#### AIM OF THE TASK:
Transcribe exactly the span of lines that begins the records and ends with the line holding "Сірий Шмітц Каргобулл", both boundary lines included.

#### INFORMATION GIVEN:
== Segment start ==

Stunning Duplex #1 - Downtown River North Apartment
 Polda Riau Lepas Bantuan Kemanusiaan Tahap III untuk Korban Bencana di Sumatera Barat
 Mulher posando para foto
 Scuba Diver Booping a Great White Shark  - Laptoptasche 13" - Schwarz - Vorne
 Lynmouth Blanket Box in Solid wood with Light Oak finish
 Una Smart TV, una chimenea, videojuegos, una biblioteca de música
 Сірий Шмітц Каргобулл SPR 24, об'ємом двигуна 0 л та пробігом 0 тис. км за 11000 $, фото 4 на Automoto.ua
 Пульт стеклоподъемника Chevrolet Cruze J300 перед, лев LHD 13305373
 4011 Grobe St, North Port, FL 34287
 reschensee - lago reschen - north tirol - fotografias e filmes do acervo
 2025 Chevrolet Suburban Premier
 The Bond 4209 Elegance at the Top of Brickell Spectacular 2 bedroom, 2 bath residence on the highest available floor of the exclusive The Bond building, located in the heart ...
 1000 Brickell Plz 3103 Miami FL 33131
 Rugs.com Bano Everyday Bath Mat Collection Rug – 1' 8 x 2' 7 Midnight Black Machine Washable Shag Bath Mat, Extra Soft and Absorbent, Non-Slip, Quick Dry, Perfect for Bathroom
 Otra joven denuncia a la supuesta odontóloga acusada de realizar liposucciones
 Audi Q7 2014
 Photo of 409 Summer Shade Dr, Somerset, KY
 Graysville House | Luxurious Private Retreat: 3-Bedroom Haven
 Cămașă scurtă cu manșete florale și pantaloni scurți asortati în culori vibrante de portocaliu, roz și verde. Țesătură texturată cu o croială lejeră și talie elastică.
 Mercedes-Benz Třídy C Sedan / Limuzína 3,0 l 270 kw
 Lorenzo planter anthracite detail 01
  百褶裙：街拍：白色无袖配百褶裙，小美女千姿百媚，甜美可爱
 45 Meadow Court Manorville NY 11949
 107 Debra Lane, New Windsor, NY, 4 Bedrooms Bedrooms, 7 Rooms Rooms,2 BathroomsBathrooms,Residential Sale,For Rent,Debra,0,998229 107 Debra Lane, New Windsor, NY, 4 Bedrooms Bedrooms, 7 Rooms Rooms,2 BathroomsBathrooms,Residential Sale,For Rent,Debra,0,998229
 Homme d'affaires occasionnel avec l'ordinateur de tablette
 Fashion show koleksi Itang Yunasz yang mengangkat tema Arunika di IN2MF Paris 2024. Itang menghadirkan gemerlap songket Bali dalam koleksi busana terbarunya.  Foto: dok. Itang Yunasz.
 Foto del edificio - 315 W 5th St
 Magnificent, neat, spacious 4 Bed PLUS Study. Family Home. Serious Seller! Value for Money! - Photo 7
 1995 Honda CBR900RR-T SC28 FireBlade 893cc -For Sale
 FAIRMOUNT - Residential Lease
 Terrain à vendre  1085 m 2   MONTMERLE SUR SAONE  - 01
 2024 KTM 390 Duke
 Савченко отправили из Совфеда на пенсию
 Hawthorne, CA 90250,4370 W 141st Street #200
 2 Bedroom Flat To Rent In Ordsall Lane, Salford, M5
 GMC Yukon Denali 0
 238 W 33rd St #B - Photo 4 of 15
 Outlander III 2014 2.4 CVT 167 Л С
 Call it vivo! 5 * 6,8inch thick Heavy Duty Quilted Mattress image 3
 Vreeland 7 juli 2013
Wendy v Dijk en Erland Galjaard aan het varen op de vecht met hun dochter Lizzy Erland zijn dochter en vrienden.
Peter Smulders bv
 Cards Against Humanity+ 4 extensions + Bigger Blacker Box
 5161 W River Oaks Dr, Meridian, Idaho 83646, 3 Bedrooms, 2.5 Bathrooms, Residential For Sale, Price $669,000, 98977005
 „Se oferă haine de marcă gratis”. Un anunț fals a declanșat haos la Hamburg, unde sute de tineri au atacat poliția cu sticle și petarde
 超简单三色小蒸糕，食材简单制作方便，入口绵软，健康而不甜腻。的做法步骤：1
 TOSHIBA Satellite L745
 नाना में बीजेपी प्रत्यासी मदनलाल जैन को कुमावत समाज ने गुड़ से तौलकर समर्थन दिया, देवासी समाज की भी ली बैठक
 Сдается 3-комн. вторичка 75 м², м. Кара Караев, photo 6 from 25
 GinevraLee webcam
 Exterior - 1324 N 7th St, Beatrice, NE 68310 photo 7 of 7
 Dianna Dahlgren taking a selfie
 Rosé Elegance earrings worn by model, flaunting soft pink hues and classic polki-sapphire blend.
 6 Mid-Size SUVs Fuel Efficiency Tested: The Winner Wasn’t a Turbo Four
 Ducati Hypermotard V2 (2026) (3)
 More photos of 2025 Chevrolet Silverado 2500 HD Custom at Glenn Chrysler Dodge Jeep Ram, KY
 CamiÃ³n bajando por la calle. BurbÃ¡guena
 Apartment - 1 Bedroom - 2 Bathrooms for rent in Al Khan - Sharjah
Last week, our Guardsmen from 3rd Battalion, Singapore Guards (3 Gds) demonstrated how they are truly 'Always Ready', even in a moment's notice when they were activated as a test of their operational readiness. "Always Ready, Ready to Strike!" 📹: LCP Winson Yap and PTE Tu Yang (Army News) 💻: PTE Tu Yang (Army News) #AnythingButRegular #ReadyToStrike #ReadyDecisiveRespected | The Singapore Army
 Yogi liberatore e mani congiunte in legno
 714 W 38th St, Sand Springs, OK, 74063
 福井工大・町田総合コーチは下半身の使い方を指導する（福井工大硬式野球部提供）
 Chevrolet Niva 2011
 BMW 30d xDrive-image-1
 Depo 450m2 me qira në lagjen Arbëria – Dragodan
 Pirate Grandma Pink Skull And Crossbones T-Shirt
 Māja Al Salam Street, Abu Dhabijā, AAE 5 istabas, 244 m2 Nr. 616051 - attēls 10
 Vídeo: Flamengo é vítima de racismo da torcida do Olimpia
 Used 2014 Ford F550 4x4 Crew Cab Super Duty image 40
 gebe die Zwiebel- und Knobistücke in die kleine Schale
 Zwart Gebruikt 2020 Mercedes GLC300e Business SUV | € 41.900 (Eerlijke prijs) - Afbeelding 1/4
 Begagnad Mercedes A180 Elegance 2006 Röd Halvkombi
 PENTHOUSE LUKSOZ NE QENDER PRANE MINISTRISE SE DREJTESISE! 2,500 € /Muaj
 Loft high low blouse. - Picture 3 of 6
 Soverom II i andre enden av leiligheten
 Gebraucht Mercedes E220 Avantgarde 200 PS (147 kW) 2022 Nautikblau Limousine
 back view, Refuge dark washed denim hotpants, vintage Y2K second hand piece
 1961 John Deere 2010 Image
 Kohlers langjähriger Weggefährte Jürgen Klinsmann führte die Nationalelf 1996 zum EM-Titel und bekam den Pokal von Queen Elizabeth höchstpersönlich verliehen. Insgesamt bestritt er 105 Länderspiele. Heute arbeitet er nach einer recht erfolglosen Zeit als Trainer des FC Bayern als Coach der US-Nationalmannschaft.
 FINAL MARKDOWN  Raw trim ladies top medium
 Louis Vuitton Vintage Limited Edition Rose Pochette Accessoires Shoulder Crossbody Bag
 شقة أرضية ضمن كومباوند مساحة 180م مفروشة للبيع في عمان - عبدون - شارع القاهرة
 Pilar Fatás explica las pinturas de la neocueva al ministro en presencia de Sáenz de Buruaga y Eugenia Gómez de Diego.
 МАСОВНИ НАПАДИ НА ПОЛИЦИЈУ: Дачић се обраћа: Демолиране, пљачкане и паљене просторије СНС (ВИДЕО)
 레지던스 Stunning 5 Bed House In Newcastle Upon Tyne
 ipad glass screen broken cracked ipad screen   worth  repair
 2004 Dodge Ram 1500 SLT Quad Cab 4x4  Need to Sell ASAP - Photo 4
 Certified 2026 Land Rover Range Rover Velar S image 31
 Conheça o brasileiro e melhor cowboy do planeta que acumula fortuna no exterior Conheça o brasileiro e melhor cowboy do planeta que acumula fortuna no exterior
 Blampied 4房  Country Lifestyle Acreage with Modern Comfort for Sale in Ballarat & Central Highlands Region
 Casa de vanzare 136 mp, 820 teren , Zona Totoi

== Segment end ==

#### RESPONSE TO THE TASK:
Stunning Duplex #1 - Downtown River North Apartment
 Polda Riau Lepas Bantuan Kemanusiaan Tahap III untuk Korban Bencana di Sumatera Barat
 Mulher posando para foto
 Scuba Diver Booping a Great White Shark  - Laptoptasche 13" - Schwarz - Vorne
 Lynmouth Blanket Box in Solid wood with Light Oak finish
 Una Smart TV, una chimenea, videojuegos, una biblioteca de música
 Сірий Шмітц Каргобулл SPR 24, об'ємом двигуна 0 л та пробігом 0 тис. км за 11000 $, фото 4 на Automoto.ua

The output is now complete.